#### [ABOUT THIS EXERCISE]
Write out the entries below exactly, but only from the line containing "SVAKOM Iris Stimulator Slim" through the line containing "4K Video Downloader", and without the pictures.

#### [INFORMATION]
#####

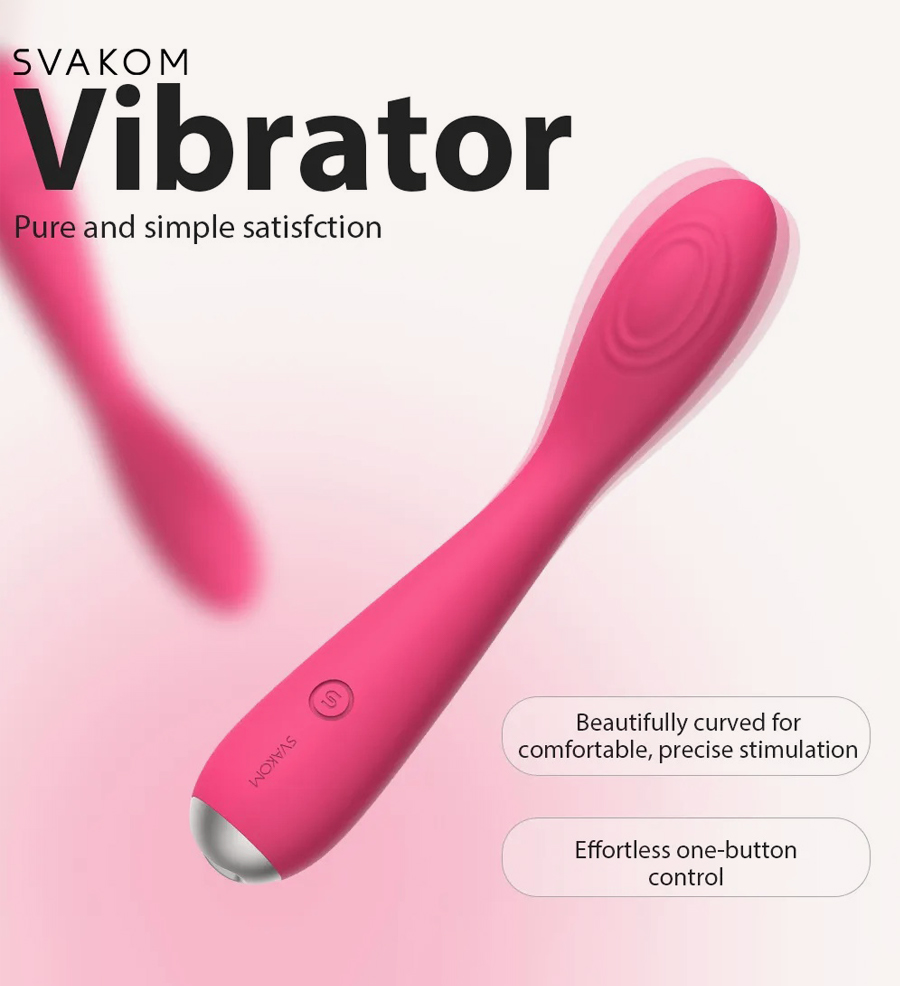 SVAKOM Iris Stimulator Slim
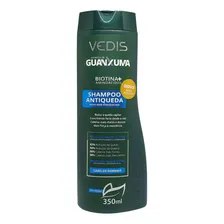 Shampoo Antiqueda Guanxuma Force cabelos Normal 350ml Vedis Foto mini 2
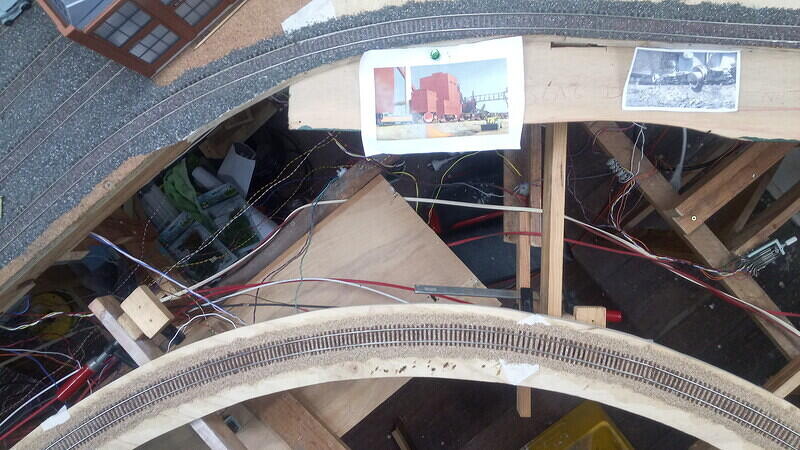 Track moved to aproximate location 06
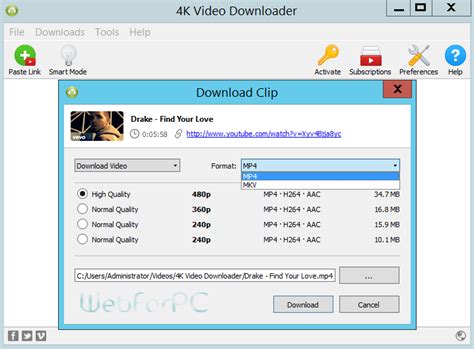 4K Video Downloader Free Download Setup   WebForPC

#####

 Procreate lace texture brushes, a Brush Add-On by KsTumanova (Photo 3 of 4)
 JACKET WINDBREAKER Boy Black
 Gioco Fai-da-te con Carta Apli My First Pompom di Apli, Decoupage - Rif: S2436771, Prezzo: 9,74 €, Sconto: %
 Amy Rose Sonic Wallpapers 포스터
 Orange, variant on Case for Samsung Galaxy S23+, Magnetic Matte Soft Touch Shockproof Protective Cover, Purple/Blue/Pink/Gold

#####

#### [EXERCISE RESULT]
 SVAKOM Iris Stimulator Slim
 Shampoo Antiqueda Guanxuma Force cabelos Normal 350ml Vedis Foto mini 2
 Track moved to aproximate location 06
 4K Video Downloader Free Download Setup   WebForPC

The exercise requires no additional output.